Exercise brief >>
Leave every picture out, and retype all the remaining records exactly.

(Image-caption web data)
################
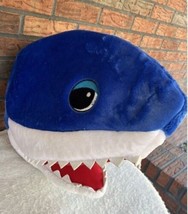 Dan Dee Baby Shark Big Greeter Head Blue Mask Costume Cosplay VGC Adult Unisex - £26.66 GBP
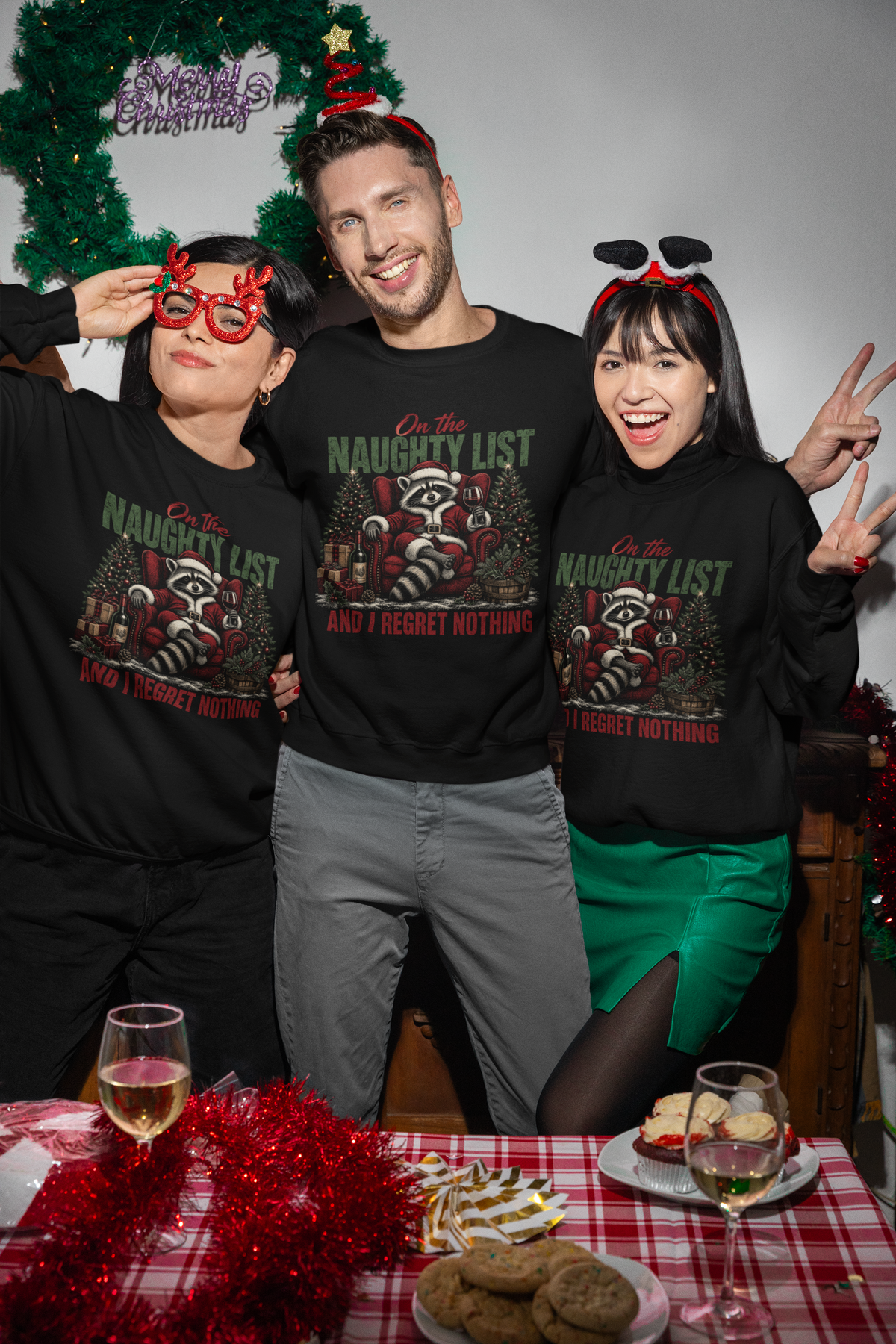 On The Naughty List Shirt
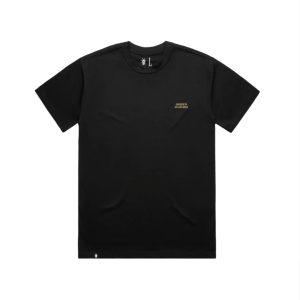 Premium cotton t-shirt -Black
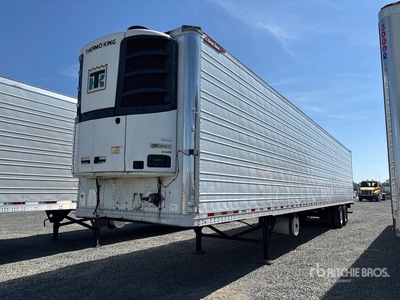 2019 Great Dane 53 ft x 102 in T/A Refrigerated Trailer
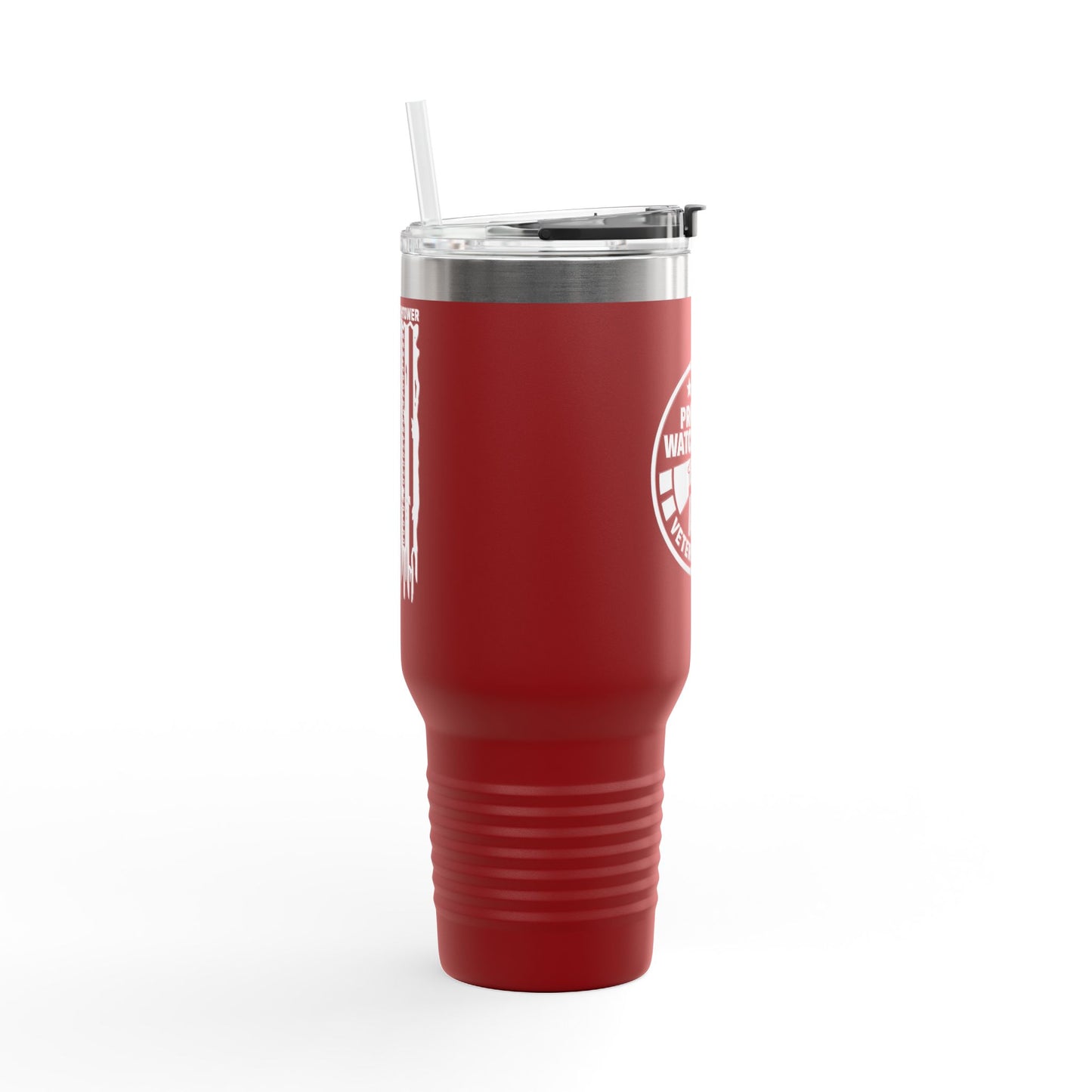40oz Insulated Project Watchtower Launch Collection Travel Mug - Perfect Gift for Thirsty Veteran Supporters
################
Solution for this exercise >>
 Dan Dee Baby Shark Big Greeter Head Blue Mask Costume Cosplay VGC Adult Unisex - £26.66 GBP
 On The Naughty List Shirt
 Premium cotton t-shirt -Black
 2019 Great Dane 53 ft x 102 in T/A Refrigerated Trailer
40oz Insulated Project Watchtower Launch Collection Travel Mug - Perfect Gift for Thirsty Veteran Supporters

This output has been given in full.